- **REQUIREMENT**
Look over the entries and say how many lines include the word "photo". Only the number, please.

[Brief descriptive captions]
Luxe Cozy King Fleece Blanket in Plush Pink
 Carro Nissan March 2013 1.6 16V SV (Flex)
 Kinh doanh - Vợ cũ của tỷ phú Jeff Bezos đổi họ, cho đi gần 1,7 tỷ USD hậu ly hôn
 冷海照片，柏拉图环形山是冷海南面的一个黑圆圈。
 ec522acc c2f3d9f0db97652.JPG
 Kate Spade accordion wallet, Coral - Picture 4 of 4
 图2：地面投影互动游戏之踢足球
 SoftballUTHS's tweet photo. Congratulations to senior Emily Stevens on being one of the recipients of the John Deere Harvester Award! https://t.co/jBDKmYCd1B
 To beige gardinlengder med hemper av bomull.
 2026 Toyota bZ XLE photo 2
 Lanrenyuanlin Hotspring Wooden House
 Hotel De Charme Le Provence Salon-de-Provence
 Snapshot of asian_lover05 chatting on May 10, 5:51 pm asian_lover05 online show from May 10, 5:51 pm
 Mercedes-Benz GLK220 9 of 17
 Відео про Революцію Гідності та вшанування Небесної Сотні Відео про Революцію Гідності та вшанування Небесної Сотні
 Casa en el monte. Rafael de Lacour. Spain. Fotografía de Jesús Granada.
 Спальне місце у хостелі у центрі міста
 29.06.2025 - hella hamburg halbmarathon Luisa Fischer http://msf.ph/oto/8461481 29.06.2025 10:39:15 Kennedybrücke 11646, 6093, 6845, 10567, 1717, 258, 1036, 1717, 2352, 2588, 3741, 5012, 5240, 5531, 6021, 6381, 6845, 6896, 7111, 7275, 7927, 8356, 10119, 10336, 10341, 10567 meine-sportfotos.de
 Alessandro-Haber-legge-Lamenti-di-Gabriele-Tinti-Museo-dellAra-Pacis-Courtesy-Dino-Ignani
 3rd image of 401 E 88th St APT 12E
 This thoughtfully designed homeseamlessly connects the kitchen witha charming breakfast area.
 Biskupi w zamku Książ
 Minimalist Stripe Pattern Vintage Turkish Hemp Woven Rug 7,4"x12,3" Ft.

- **WORKED SOLUTION**
2